**Task prompt:**
For every entry below, retype it exactly as it reads.

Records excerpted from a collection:
──────────

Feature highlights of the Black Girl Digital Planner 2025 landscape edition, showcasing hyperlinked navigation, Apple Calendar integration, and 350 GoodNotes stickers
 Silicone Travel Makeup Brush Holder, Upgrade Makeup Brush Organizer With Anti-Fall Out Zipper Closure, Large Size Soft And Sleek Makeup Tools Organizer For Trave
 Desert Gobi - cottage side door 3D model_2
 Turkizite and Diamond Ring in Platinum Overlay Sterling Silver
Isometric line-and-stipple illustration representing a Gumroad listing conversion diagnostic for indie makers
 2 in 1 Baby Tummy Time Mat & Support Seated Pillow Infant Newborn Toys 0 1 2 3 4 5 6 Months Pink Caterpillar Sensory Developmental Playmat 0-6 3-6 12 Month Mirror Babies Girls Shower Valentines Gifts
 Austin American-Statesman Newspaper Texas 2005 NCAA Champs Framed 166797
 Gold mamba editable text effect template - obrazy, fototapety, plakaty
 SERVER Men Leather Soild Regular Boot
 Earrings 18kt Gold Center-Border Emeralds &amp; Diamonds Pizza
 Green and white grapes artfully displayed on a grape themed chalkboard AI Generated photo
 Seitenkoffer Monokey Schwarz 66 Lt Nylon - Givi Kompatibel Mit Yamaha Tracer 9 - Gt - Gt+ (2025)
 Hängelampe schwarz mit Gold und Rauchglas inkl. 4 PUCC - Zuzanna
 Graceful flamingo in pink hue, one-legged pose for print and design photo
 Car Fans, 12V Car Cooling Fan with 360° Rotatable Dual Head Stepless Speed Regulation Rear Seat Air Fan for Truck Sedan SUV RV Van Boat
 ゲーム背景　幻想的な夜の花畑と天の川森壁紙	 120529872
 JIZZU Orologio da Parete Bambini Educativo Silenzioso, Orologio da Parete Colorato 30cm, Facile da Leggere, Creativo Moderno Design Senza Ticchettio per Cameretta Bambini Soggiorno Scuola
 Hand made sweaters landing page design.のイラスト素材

──────────

**Task answer:**
Feature highlights of the Black Girl Digital Planner 2025 landscape edition, showcasing hyperlinked navigation, Apple Calendar integration, and 350 GoodNotes stickers
 Silicone Travel Makeup Brush Holder, Upgrade Makeup Brush Organizer With Anti-Fall Out Zipper Closure, Large Size Soft And Sleek Makeup Tools Organizer For Trave
 Desert Gobi - cottage side door 3D model_2
 Turkizite and Diamond Ring in Platinum Overlay Sterling Silver
Isometric line-and-stipple illustration representing a Gumroad listing conversion diagnostic for indie makers
 2 in 1 Baby Tummy Time Mat & Support Seated Pillow Infant Newborn Toys 0 1 2 3 4 5 6 Months Pink Caterpillar Sensory Developmental Playmat 0-6 3-6 12 Month Mirror Babies Girls Shower Valentines Gifts
 Austin American-Statesman Newspaper Texas 2005 NCAA Champs Framed 166797
 Gold mamba editable text effect template - obrazy, fototapety, plakaty
 SERVER Men Leather Soild Regular Boot
 Earrings 18kt Gold Center-Border Emeralds &amp; Diamonds Pizza
 Green and white grapes artfully displayed on a grape themed chalkboard AI Generated photo
 Seitenkoffer Monokey Schwarz 66 Lt Nylon - Givi Kompatibel Mit Yamaha Tracer 9 - Gt - Gt+ (2025)
 Hängelampe schwarz mit Gold und Rauchglas inkl. 4 PUCC - Zuzanna
 Graceful flamingo in pink hue, one-legged pose for print and design photo
 Car Fans, 12V Car Cooling Fan with 360° Rotatable Dual Head Stepless Speed Regulation Rear Seat Air Fan for Truck Sedan SUV RV Van Boat
 ゲーム背景　幻想的な夜の花畑と天の川森壁紙	 120529872
 JIZZU Orologio da Parete Bambini Educativo Silenzioso, Orologio da Parete Colorato 30cm, Facile da Leggere, Creativo Moderno Design Senza Ticchettio per Cameretta Bambini Soggiorno Scuola
 Hand made sweaters landing page design.のイラスト素材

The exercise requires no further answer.